BRITAIN has always taken a relaxed attitude to foreign ownership.

These days, it is hard to name an iconic British brand not in foreign hands. Think Rolls-Royce, Aston Martin, Manchester United, Madam Tussauds or The Savoy are British? Then think again.

Even parochial brands like HP Sauce, Harry Ramsden’s and Typhoo Tea are foreign-owned.

Now we can add the name of Cadbury to the list after a sweetened takeover offer from US-giant Kraft proved too tempting to resist.

Would Kraft have had it so easy had Cadbury been French or German? It seems unlikely. Just look the dispute between Renault and the French President Nicolas Sarkozy over where the next Clio should be built.

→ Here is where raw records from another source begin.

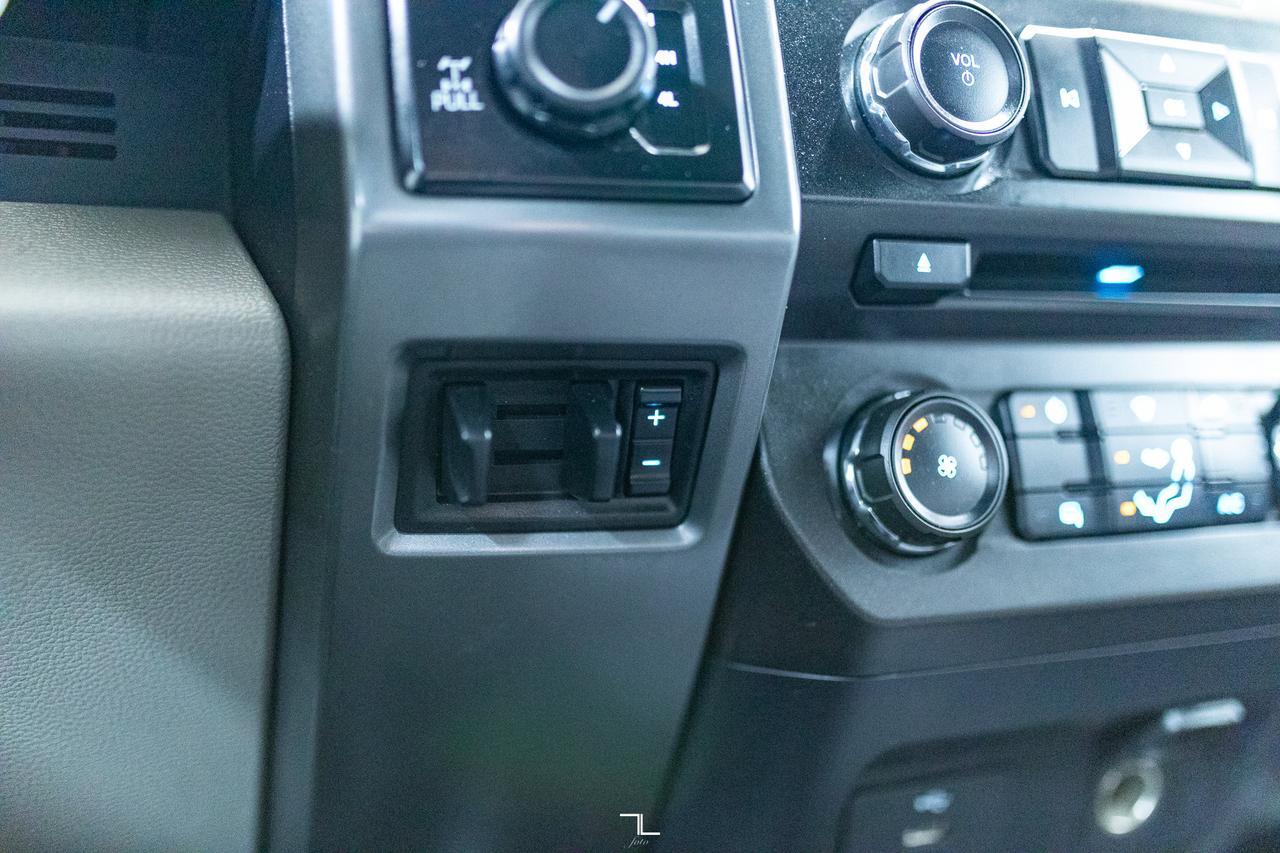 2018 Ford F-350 4x4 Crew Cab XLT FX4 Longbox PSeat BCam Red Deer AB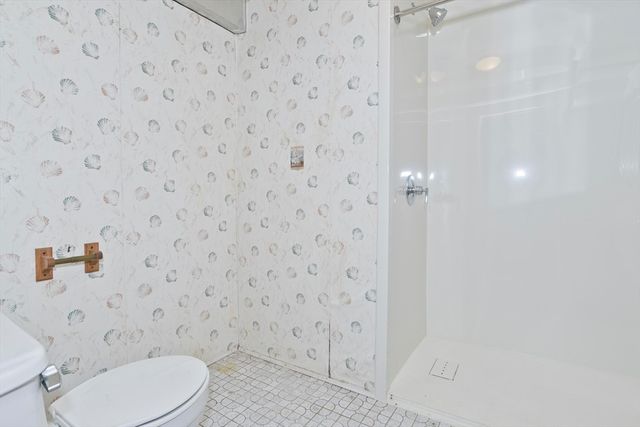 185 East St, Springfield, MA 01104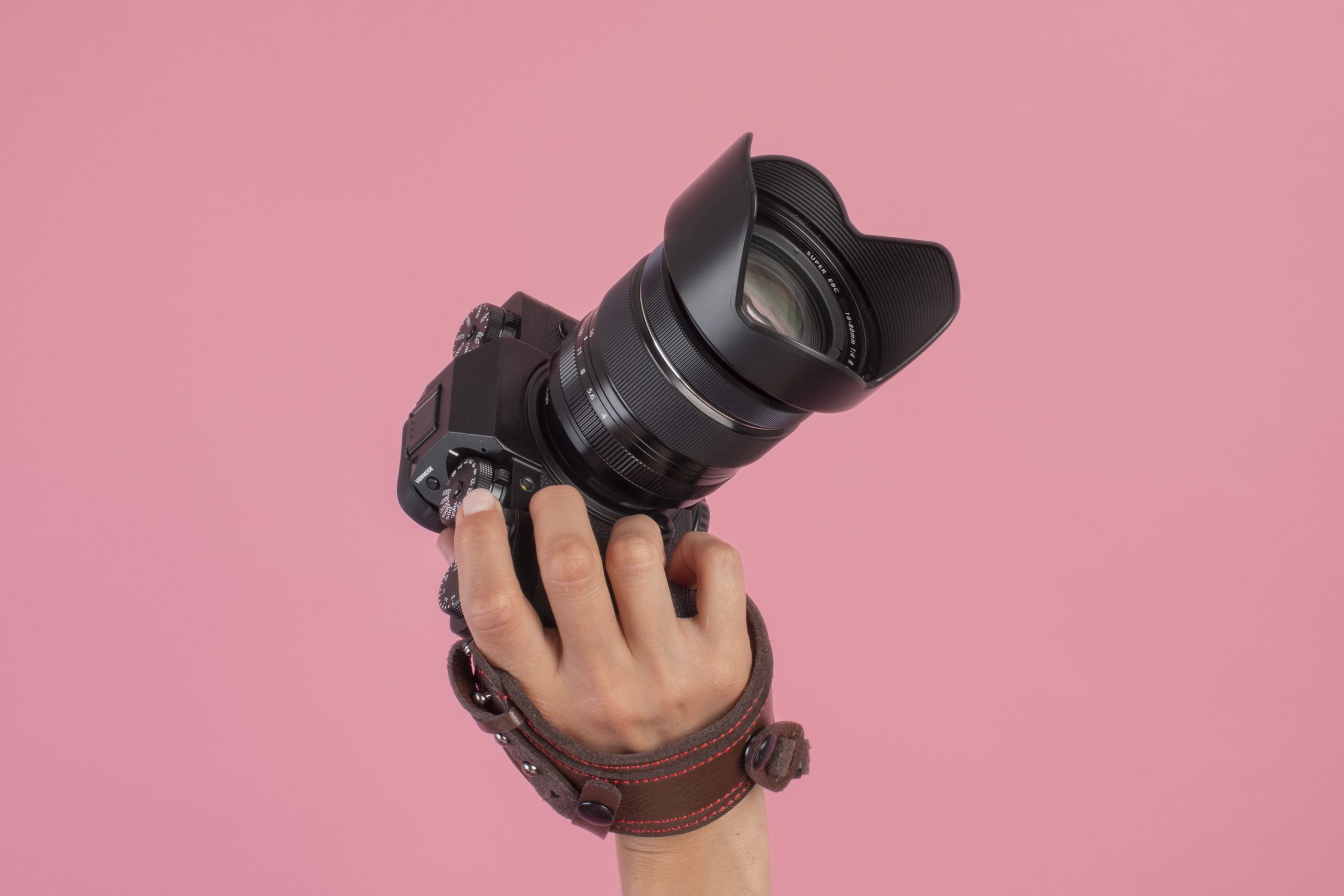 hand-holding-photo-camera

Renault’s CEO Carlos Ghosn was ordered to a weekend meeting with Sarkozy to assure him Clio production would not be moved to Turkey.

Europe has always adopted a more proprietorial role over “national champions” than the UK.

Free marketeers say that Britain’s laissez faire attitude helps make UK companies more flexible and attractive to foreign investors.

Which is fine in the good times, but when the going gets tough there is a natural inclination to cut jobs far from home.

Does patriotism still have a place in a global economy? Probably not. In the long run the best companies always prosper. As British Leyland proved in the Seventies, eventually even the state has to abandon a lame duck. Strong businesses go on and on.

We have every confidence that Cadbury will still be with us long after the current furore over its ownership is forgotten.